Berita SBB,Watui – Kondisi warga di lima desa di pedalaman pulau Seram yang masuk wilayah Kecamatan Elpaputih, Kabupaten Seram Bagian Barat (SBB), Provinsi Maluku sampai saat ini belum merasakan arti pembangunan yang sesungguhnya.
Lima desa yakni yaitu, Someith,Ahiolo,Pasinaru, Watui dan Huku masih terbelakang dari berbagai segi pembangunan, Mereka layak menyandang kata tertinggal .
Sudah 77 tahun Indoensia Merdeka, namun arti dari Kemerdekaan yang sesuhhnya belum dirasakan oleh warga di lima desa itu.
Merdeka untuk menikmati akses pembangunan, pendidikan, kesehatan, penerangan bahkan komunikasi dan lainnya bagi warga di lima desa itu adalah sebuah keniscayaan, jauh panggang dari api.
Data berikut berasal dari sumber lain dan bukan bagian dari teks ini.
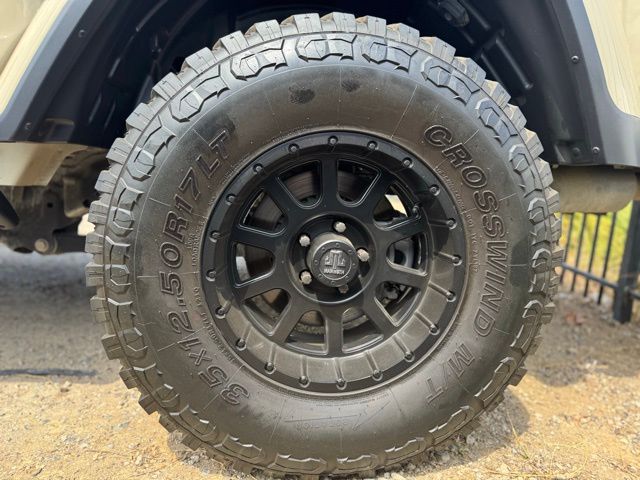 used 2020 Jeep Gladiator car, priced at $35,646
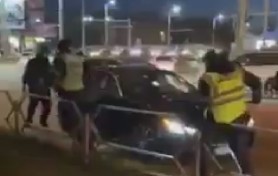 Îmbrânceli în plină stradă. Un inspector de patrulare AGRESAT de șoferul unui Maserati într-o intersecție din capitală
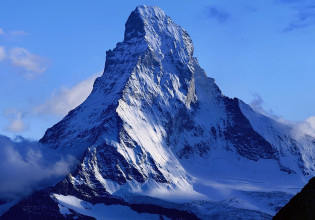 Βουνοκορφή των Άλπεων ταλαντώνεται σαν γιγάντιο εκκρεμές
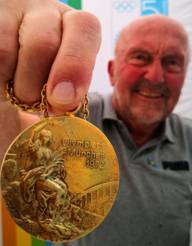 Der Olympiasieger 1972 im Speerwurf hält seine Goldmedaille in die Kamera.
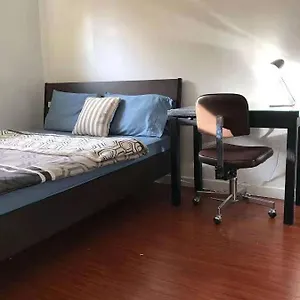 Family House In The City Center , Richmond Canada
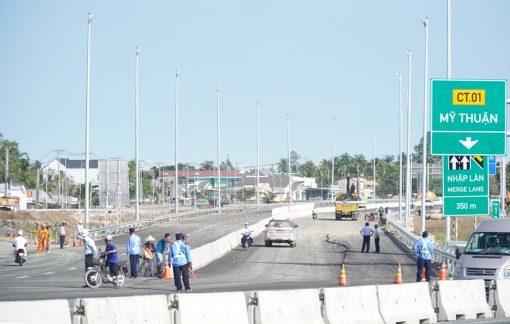 Bộ Giao thông Vận tải lý giải vụ "tài xế gian nan tìm lối vào cao tốc Mỹ Thuận - Cần Thơ"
Sementara di pelosok wilayah lain orang bisa dengan mudah menikmati berbagai akses pembangunan yang ada. Berbanding terbalik dengan apa yang dialamai dan dirasakan warga Someith,Ahiolo,Pasinaru, Watoi dan Huku. Mereka ibarat pepatah “bagaikan pungguk merindukan bulan”.
Mereka hanya punya mimpi, mereka hanya punya harapan, kapan pembangunan itu bisa menembus wilayah mereka dalam pelosok hutan belantara Pulau Seram yang jaraknya 40 KM jika kita bergerak dari Jalan Lintas Seram- Trans Utama Pulaua Seram.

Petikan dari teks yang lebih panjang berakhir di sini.